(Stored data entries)
=-=-=

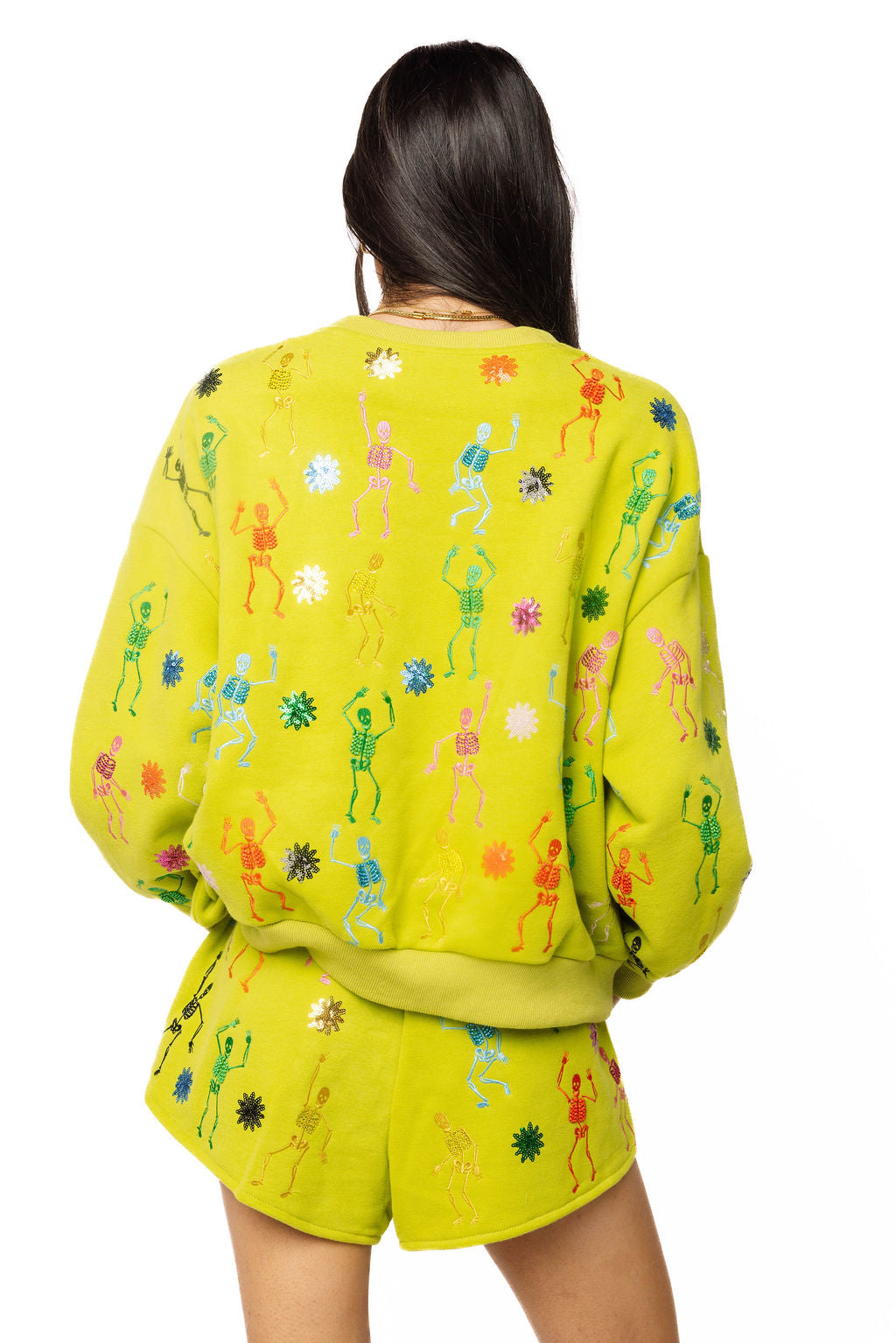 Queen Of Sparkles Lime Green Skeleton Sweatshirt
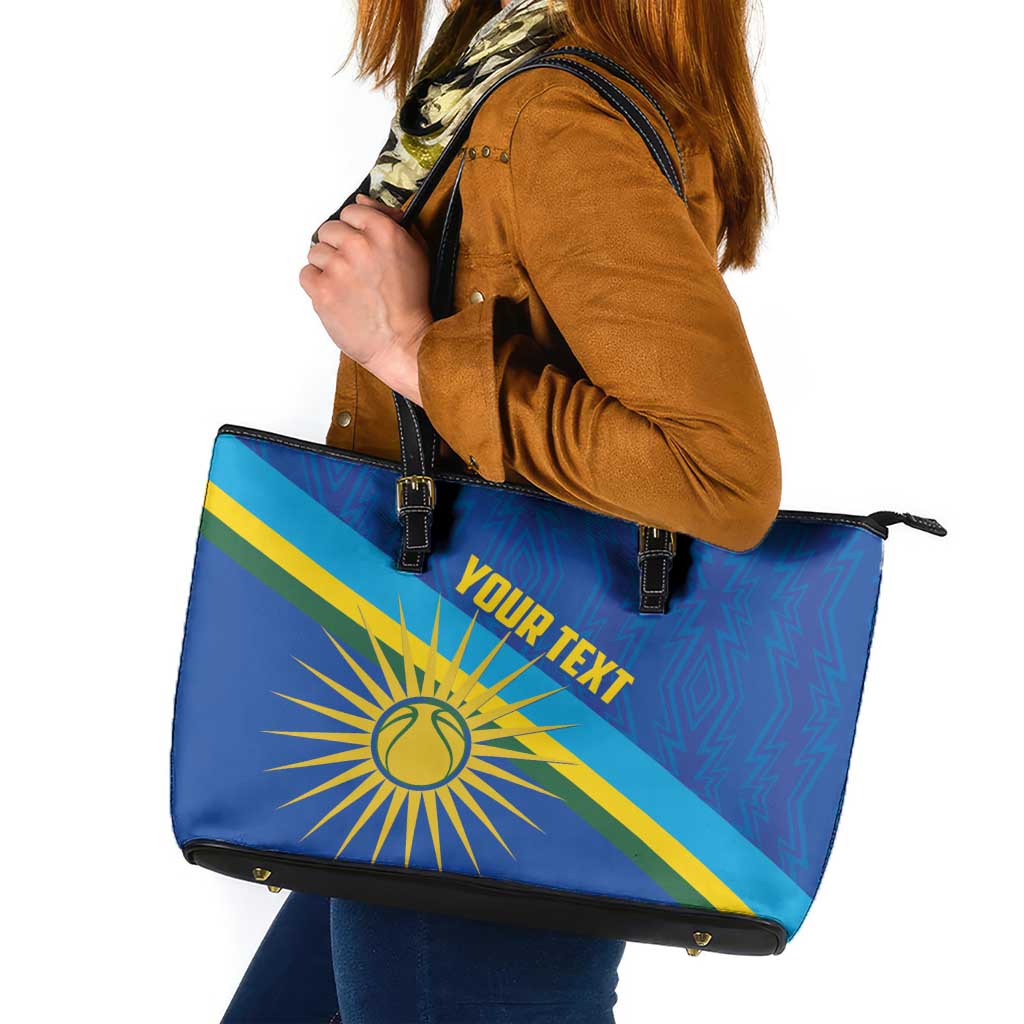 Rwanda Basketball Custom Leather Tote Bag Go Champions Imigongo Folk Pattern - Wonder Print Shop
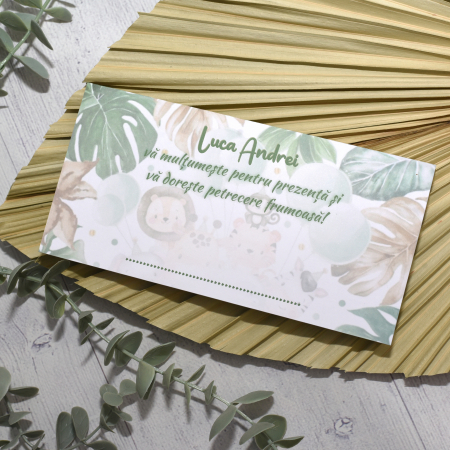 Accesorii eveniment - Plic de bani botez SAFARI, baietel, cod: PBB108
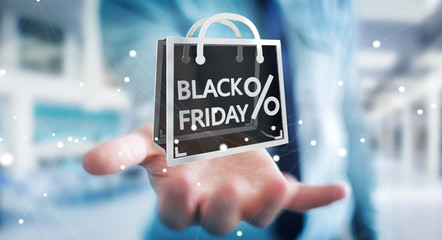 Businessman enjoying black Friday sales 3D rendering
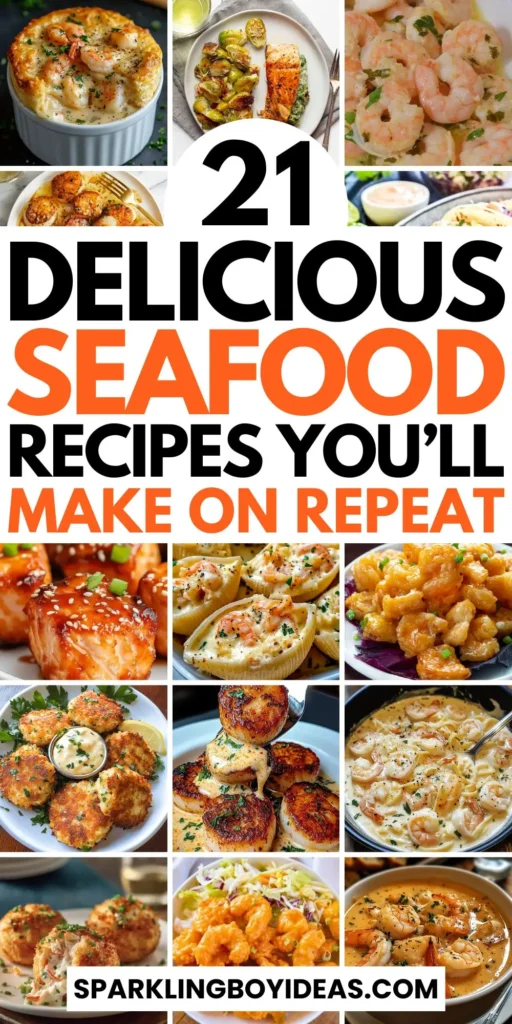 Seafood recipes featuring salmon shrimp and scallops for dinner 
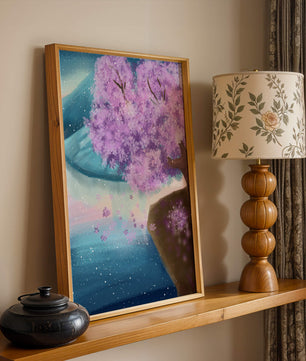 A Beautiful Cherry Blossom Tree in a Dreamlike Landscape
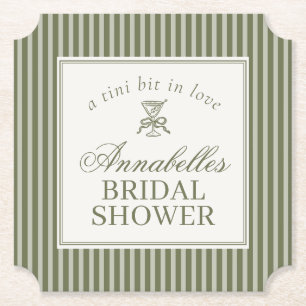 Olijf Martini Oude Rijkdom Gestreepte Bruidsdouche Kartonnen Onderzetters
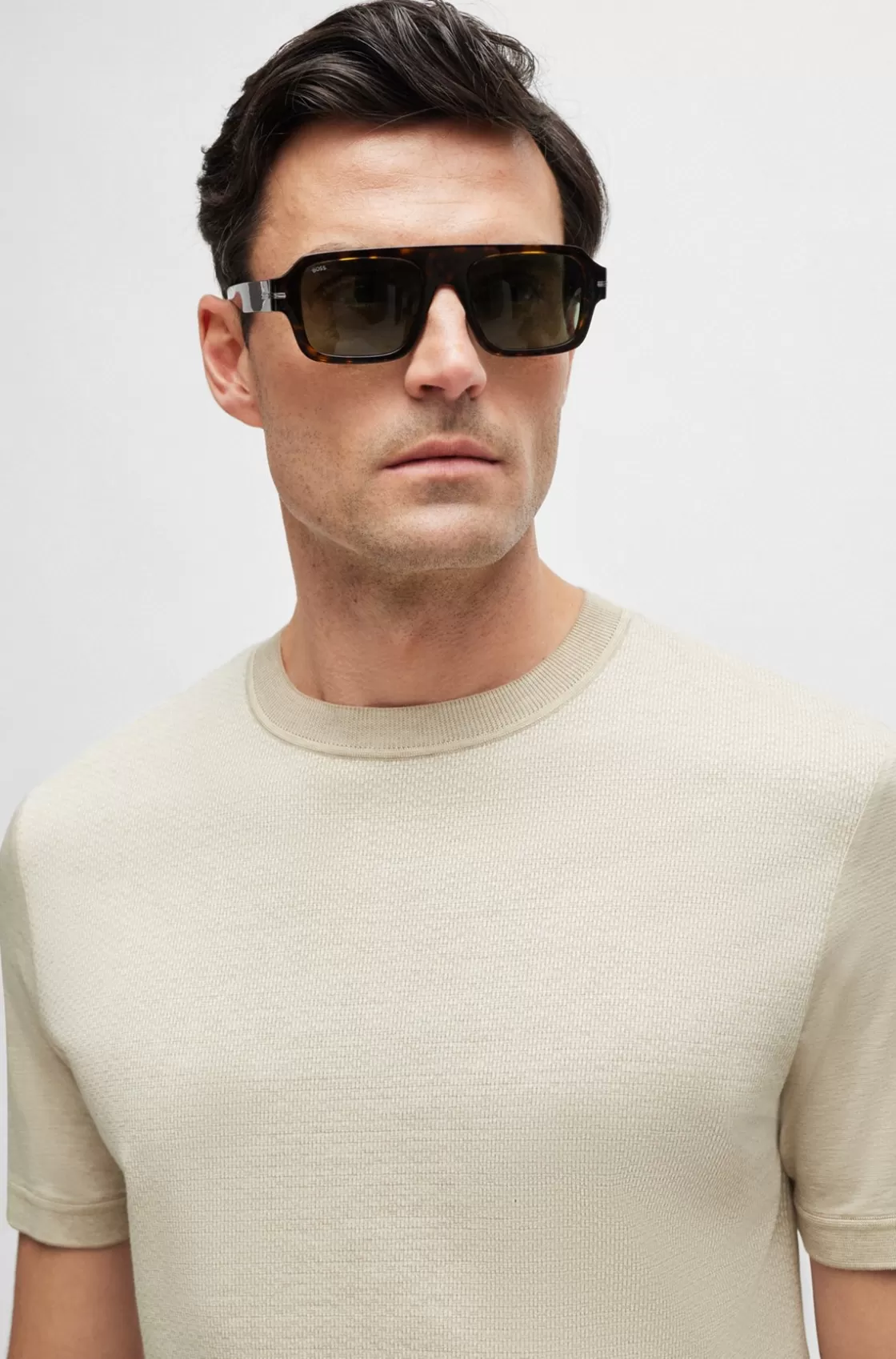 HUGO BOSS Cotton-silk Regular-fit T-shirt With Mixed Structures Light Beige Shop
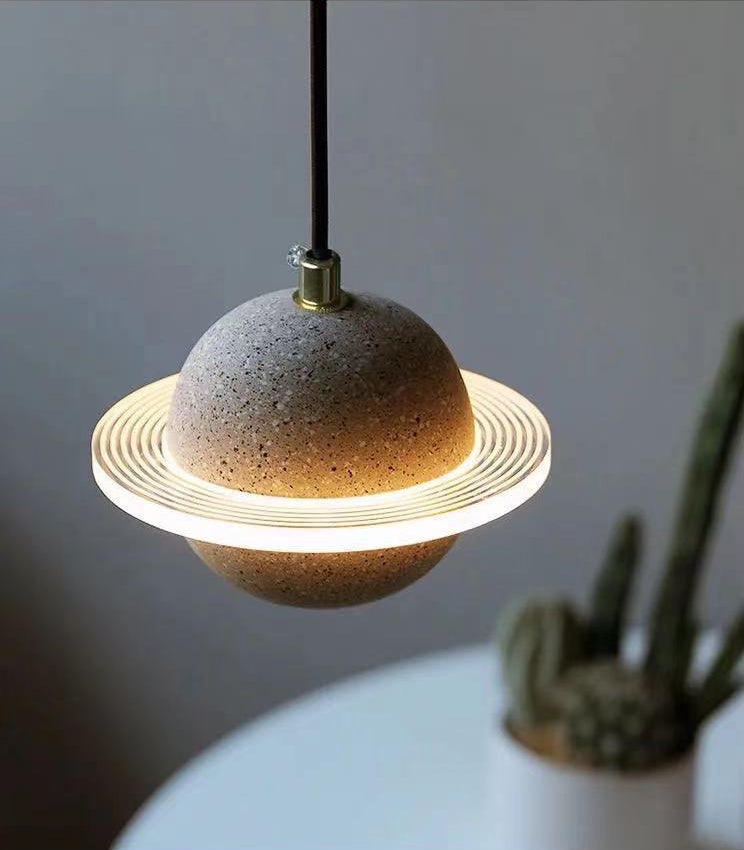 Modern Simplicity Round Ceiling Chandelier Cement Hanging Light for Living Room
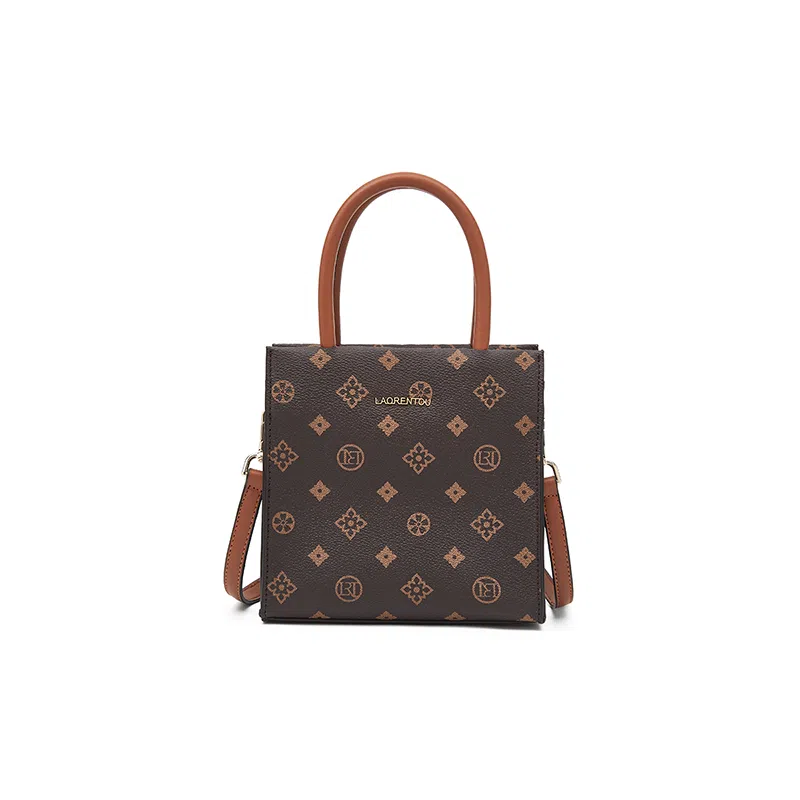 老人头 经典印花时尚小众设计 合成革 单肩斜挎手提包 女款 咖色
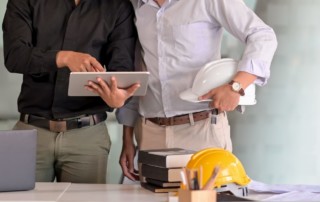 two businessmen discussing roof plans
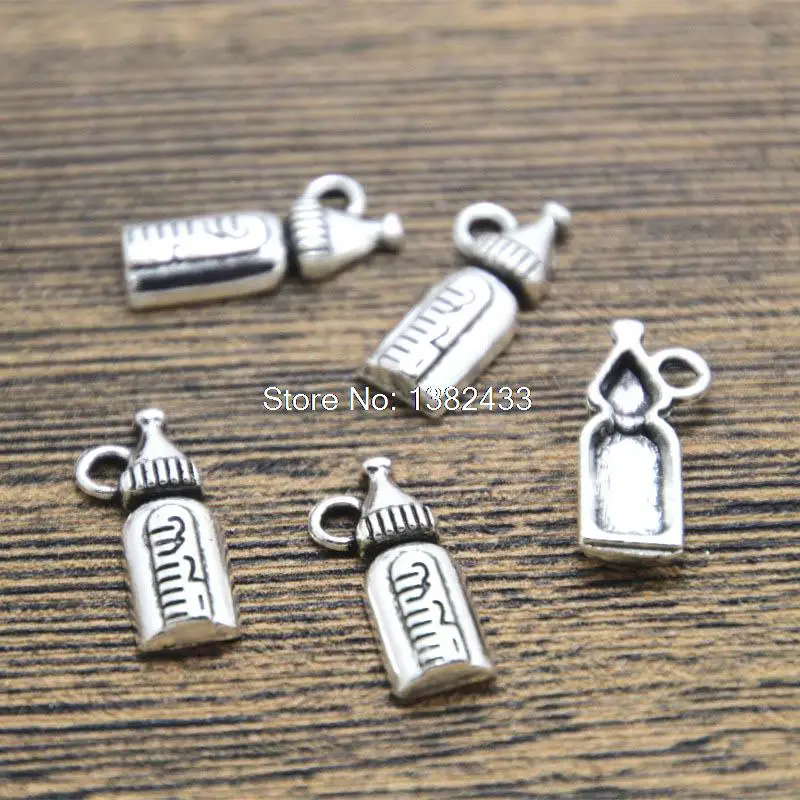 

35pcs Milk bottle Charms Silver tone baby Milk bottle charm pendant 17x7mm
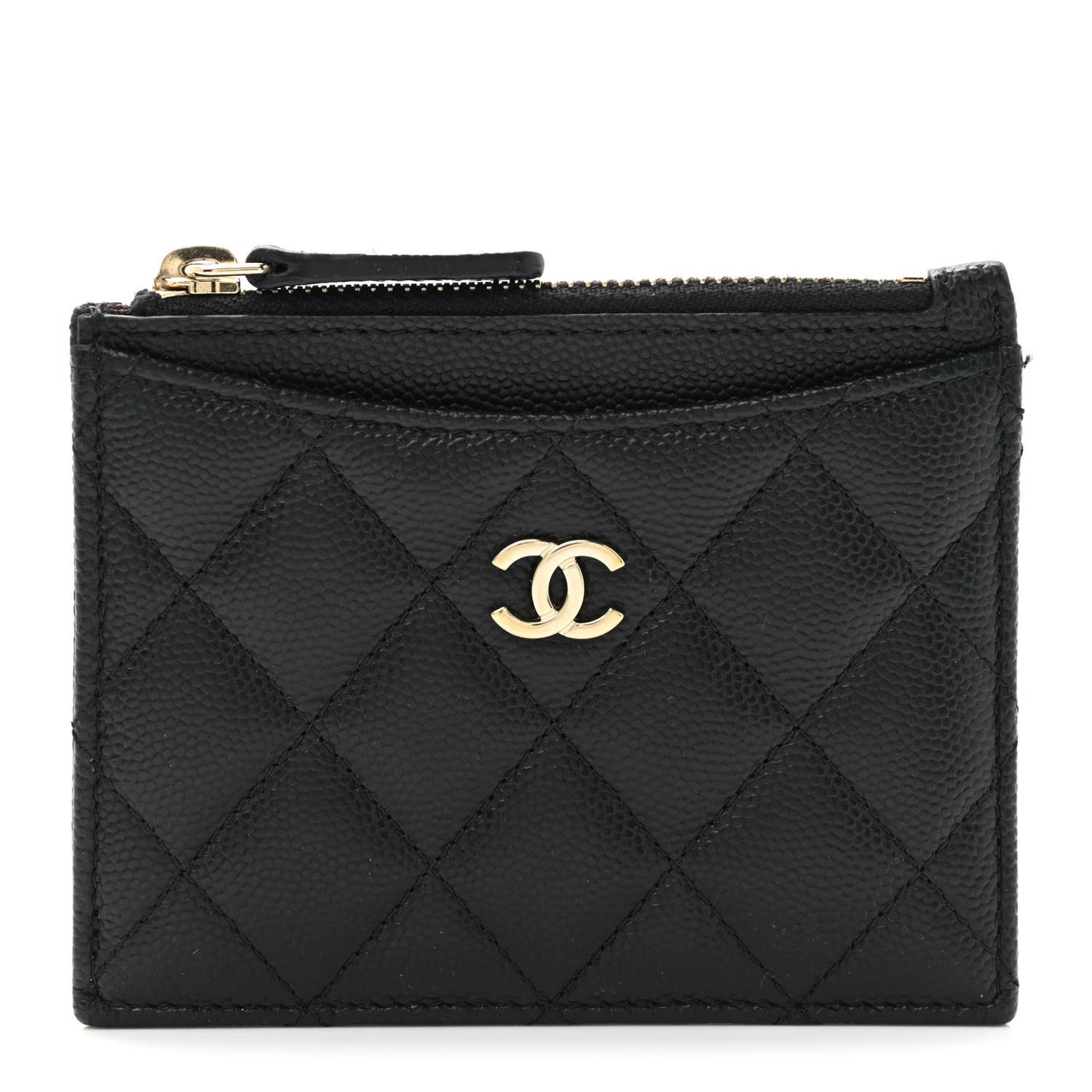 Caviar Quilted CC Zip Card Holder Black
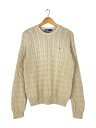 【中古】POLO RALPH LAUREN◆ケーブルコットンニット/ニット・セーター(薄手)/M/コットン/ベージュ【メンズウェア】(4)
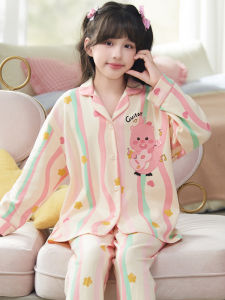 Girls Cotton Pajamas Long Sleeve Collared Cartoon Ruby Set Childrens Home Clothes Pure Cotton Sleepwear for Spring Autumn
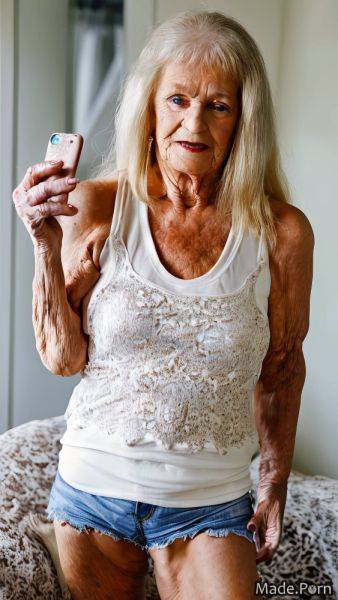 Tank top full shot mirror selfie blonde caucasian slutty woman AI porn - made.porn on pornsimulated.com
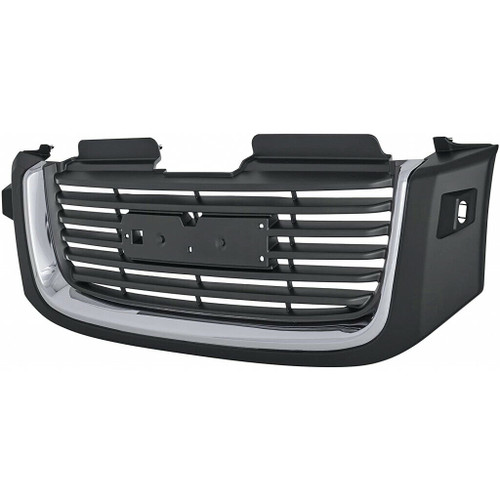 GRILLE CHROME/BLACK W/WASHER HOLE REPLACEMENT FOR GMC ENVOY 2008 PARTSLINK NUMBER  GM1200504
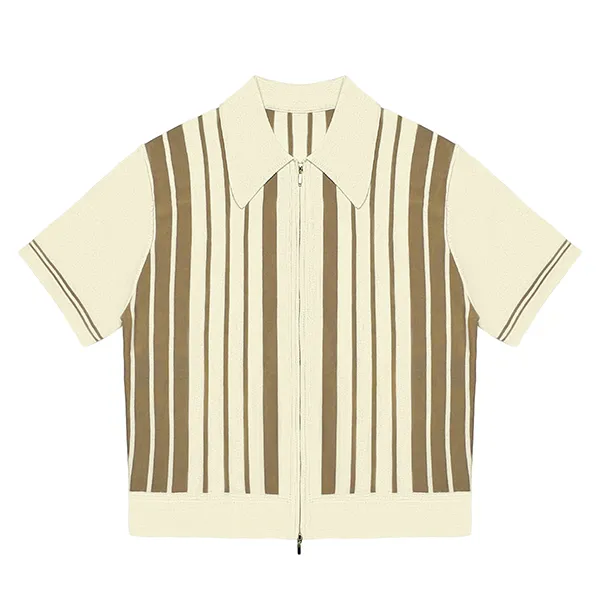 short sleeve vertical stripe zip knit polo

=-=-=

I would like the lines from the one with "Businessman enjoying black" through the last line of the data above retyped exactly, with pictures left out, please.

 Businessman enjoying black Friday sales 3D rendering
 Seafood recipes featuring salmon shrimp and scallops for dinner 
 A Beautiful Cherry Blossom Tree in a Dreamlike Landscape
 Olijf Martini Oude Rijkdom Gestreepte Bruidsdouche Kartonnen Onderzetters
 HUGO BOSS Cotton-silk Regular-fit T-shirt With Mixed Structures Light Beige Shop
 Modern Simplicity Round Ceiling Chandelier Cement Hanging Light for Living Room
 老人头 经典印花时尚小众设计 合成革 单肩斜挎手提包 女款 咖色
 two businessmen discussing roof plans

35pcs Milk bottle Charms Silver tone baby Milk bottle charm pendant 17x7mm
 Caviar Quilted CC Zip Card Holder Black
 【中古】POLO RALPH LAUREN◆ケーブルコットンニット/ニット・セーター(薄手)/M/コットン/ベージュ【メンズウェア】(4)
 Girls Cotton Pajamas Long Sleeve Collared Cartoon Ruby Set Childrens Home Clothes Pure Cotton Sleepwear for Spring Autumn
 Tank top full shot mirror selfie blonde caucasian slutty woman AI porn - made.porn on pornsimulated.com
 GRILLE CHROME/BLACK W/WASHER HOLE REPLACEMENT FOR GMC ENVOY 2008 PARTSLINK NUMBER  GM1200504
 short sleeve vertical stripe zip knit polo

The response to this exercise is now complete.